Getting funded is one of the biggest challenges for startups. Venture capitalists and angel investors are bombarded with “great” ideas for businesses, and they can only invest in so many. Banks are turning small businesses away for loans. So what’s a startup founder to do if they need money?
Obama says try crowdfunding. Rather than rely on banks or private investors to help get your business running with an injection of cash, put it in the hands of the people. With crowdfunding, anyone can invest in a company (in smaller increments ranging from $5 to $1000). And with President Obama’s JOBS Act, it will be easier for startups to get that funding without jumping through so many hoops.

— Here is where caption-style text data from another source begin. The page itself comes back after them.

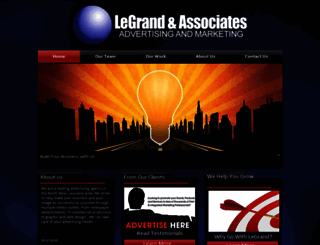 legrandandassociates.com screenshot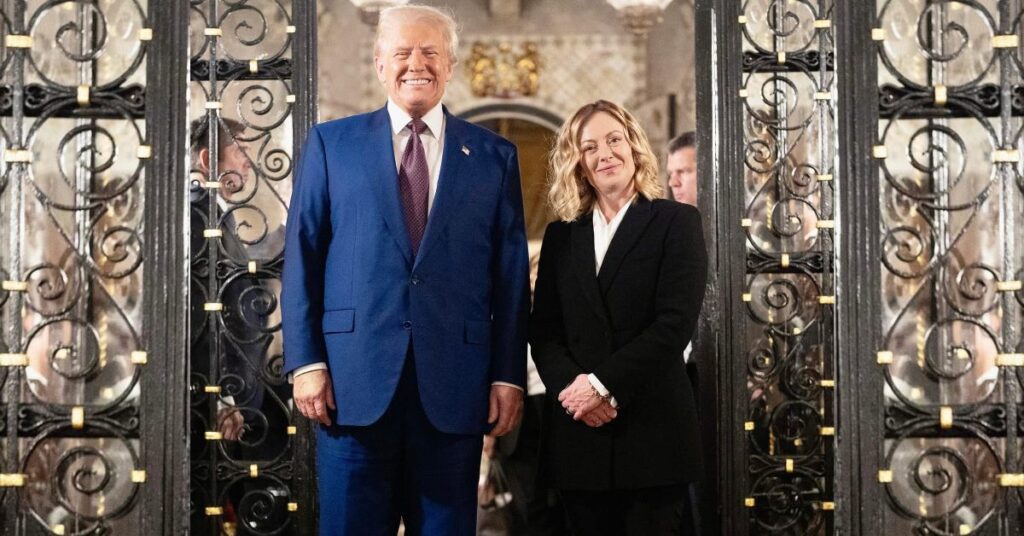 Giorgia Meloni, la mejor política exterior para Italia.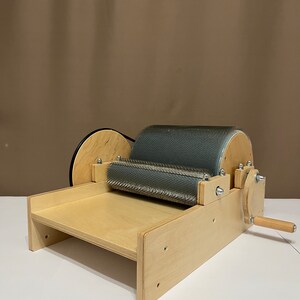Wide Drum Carder Uncle Kolya 72 TPI for Processing Wool Carding and ...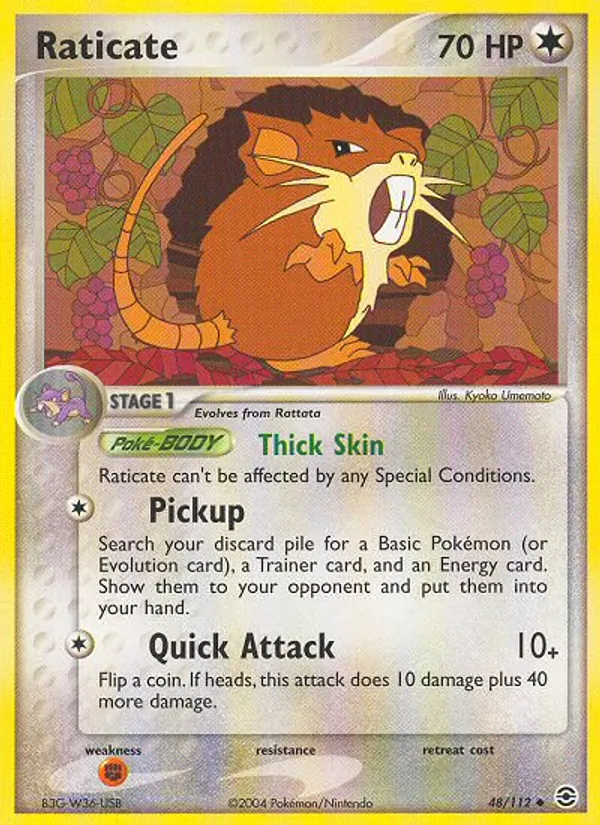 48 Raticate – FireRed & LeafGreen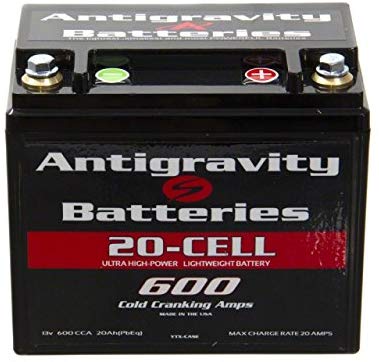Antigravity Batteries AG-YTX12-20-L Motorcycle Battery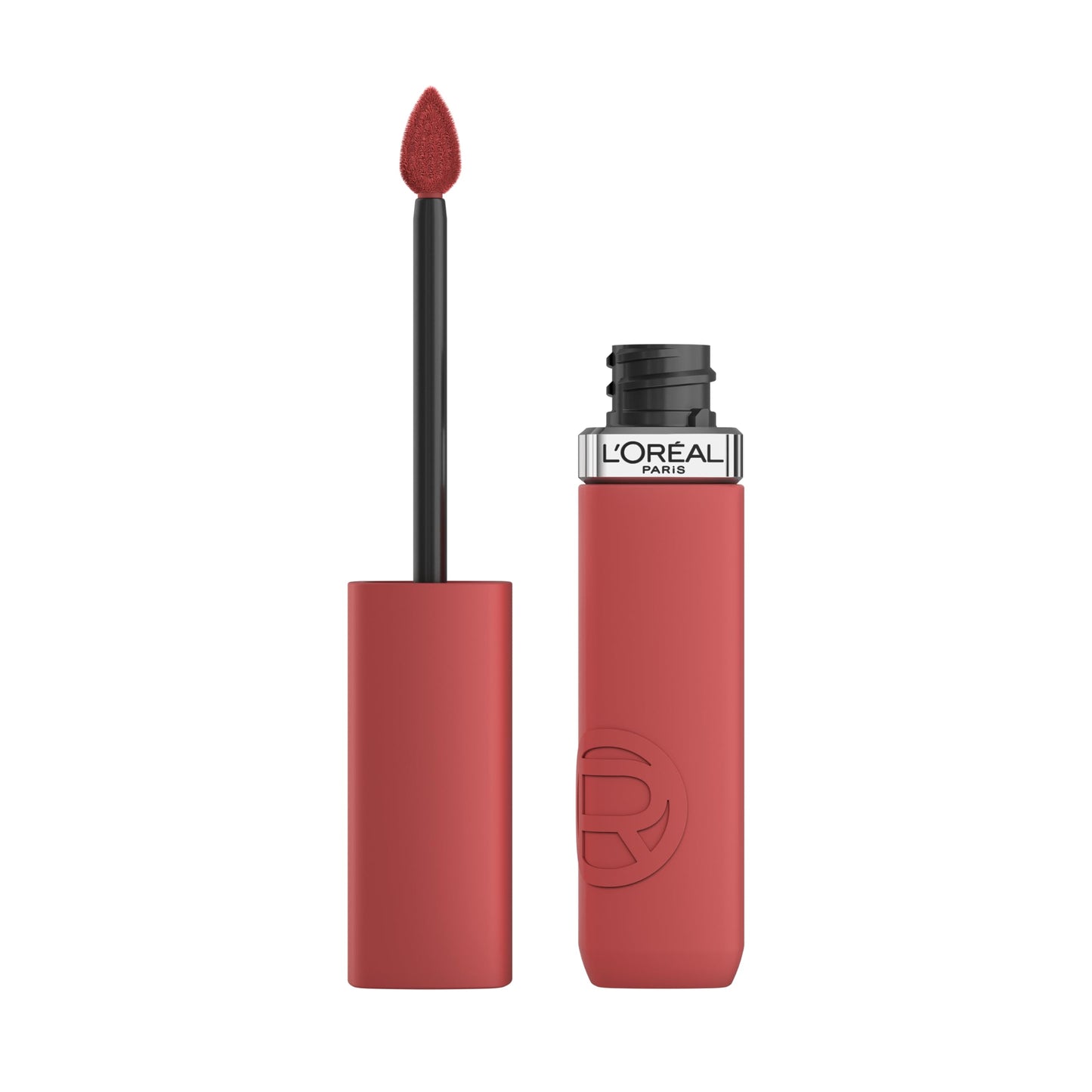 L'Oreal Paris Infallible Matte Resistance Liquid Lipstick, up to 16 Hour Wear, Breakfast in Bed 105, 0.16 Fl Oz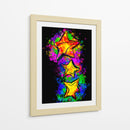 Estrellas de Neón - Sae Art | Cuadro decorativo de Canvas Lab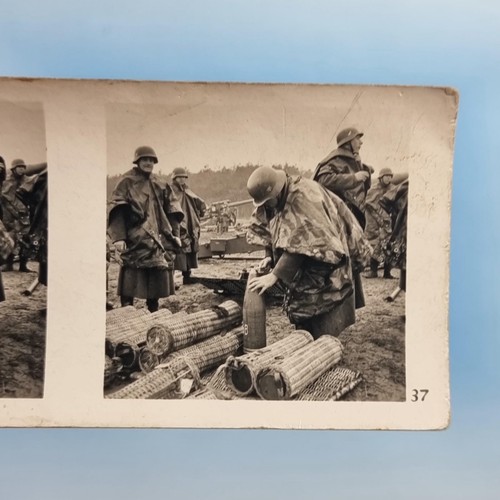 Ww2 german stereoview - ww2,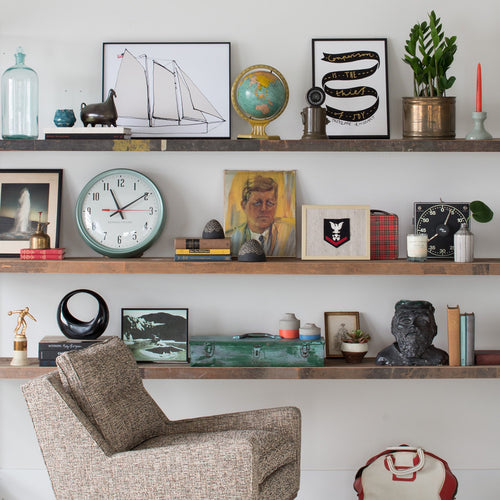 Tanker Clock::Spruce::Hover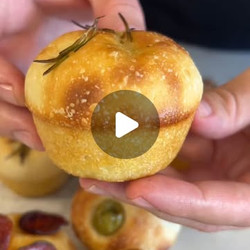 Mini Focaccia Recipe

The Act says that nonaccredited investors (read: you and I) can invest in a company, and that company can raise up to $1 million a year without having to register with the Securities and Exchange Commission (SEC). There have been several crowdfunding websites connecting companies with individuals wanting to invest, but since the JOBS Act was passed, their numbers are at an all-time high.
Where to Find the Crowds
There are generic sites that offer a variety of projects people can contribute to, such as Prosper, as well as others more tailored to specific niches, like the creative projects found on Kickstarter. The Act says that people who invest in these startups are now entitled to stock, and some sites like PeoplesVC will facilitate that transaction once the SEC works out the details. Others like IndieGoGo are more lighthearted and simply offer investors perks like stickers, access to special events and products.

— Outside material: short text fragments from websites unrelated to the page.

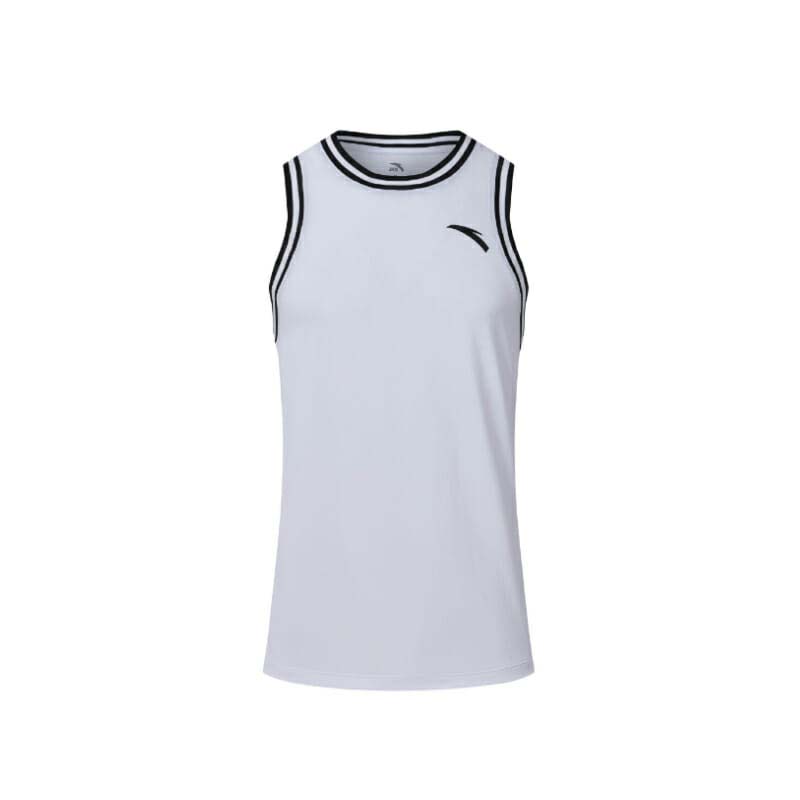 Anta Basketball Game Suit White USA | KRI237584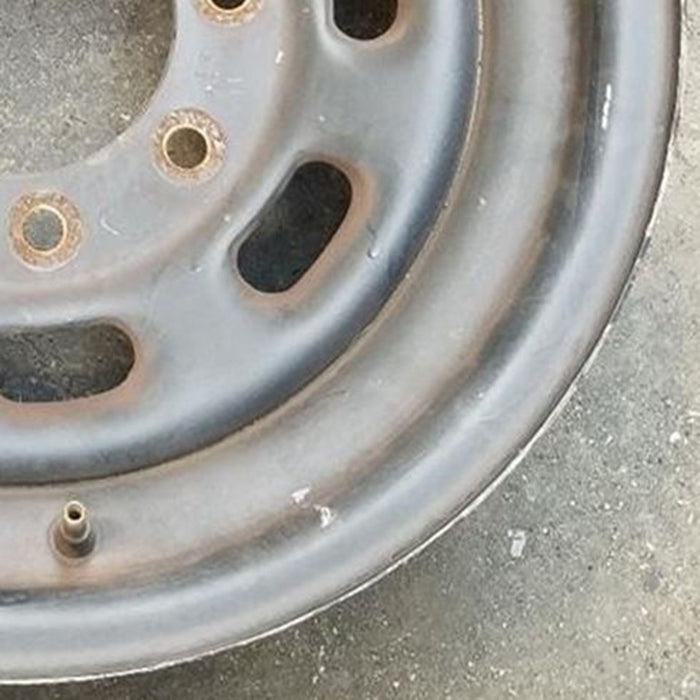 16" EXCURSION 00 , steel Original OEM Wheel Rim - Back View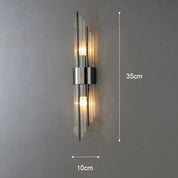 Elegant LED Wall Sconce | Gold Finish & Contemporary Design 12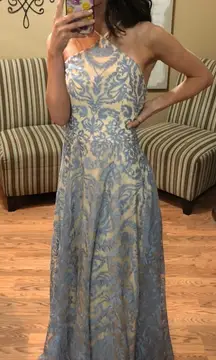 Prom Floral Dress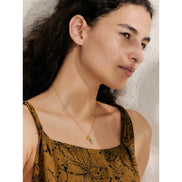 Collier pendentif cœur amazonite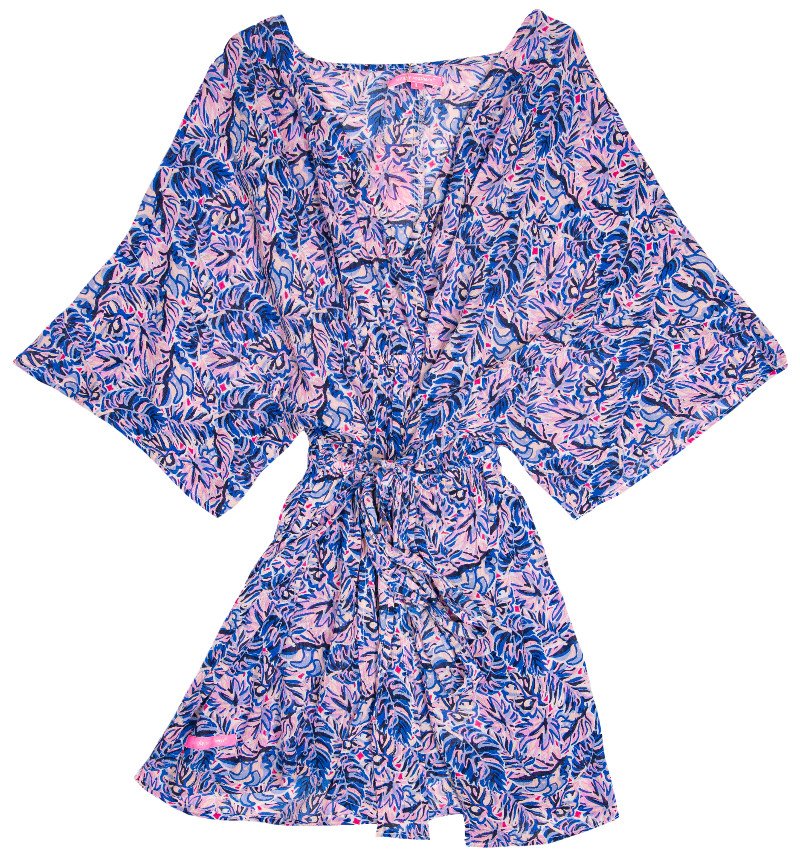 Cover-Up Kimono - Leaf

Raising $1 million from total strangers may take as much work as pitching VCs. Many people aren’t convinced that crowdfunding will really work to garner large amounts of money from so many investors. It’s clear that getting your project in front of enough investors to actually meet your financial goal will take a lot of promotion (social media looks like the best avenue), but the key is to have an idea that people can get excited about.
How it Works
Let’s look at bikedabs, a startup seeking funding on the site Fundable. The startup’s profile page on Fundable is detailed, explaining its product (a removable attachment that allows bikers to ride clipless pedals with street shoes). The company aims to raise $25,000, and as of this post, had raised about $5,000. Backers of the project receive a variety of rewards, from a t-shirt to an expensive road bike. It’s clear the backers of this project are excited about it: many have offered their own marketing services and connections to help bikedabs succeed.
Visitors can follow a startup’s path toward funding, get updates and share the project through social channels. It’s truly a new way of supporting small business.
The site takes a fee from the money raised; Peerbackers takes a 5% “success fee” to cover its own expenses. The money doesn’t have to be paid back.
Worth a Shot
For a startup that needs a smaller injection of cash, or that simply wants to try a different path, crowdfunding is worth a try. Remember, the key is self-promotion. Crowdfunding sites are just now starting to be recognized by the general public and media, so educating potential investors on how they work and why they’d want to invest in your company is necessary.
IndieGoGo: Variety of types of projects available to fund. Fee: 9% if you don’t meet your goal; 4% if you do.
PeoplesVC: Variety of types of projects available to fund. Fee: 9%
KickStarter: Funds Art, Comics, Dance, Design, Fashion, Film, Food, Games, Music, Photography, Publishing, Technology, and Theater projects. Fee: does not list.
Microventures: Interested in any industry but Real Estate and Oil and Gas. Fee: $350 up front application fees, plus 10% after funding.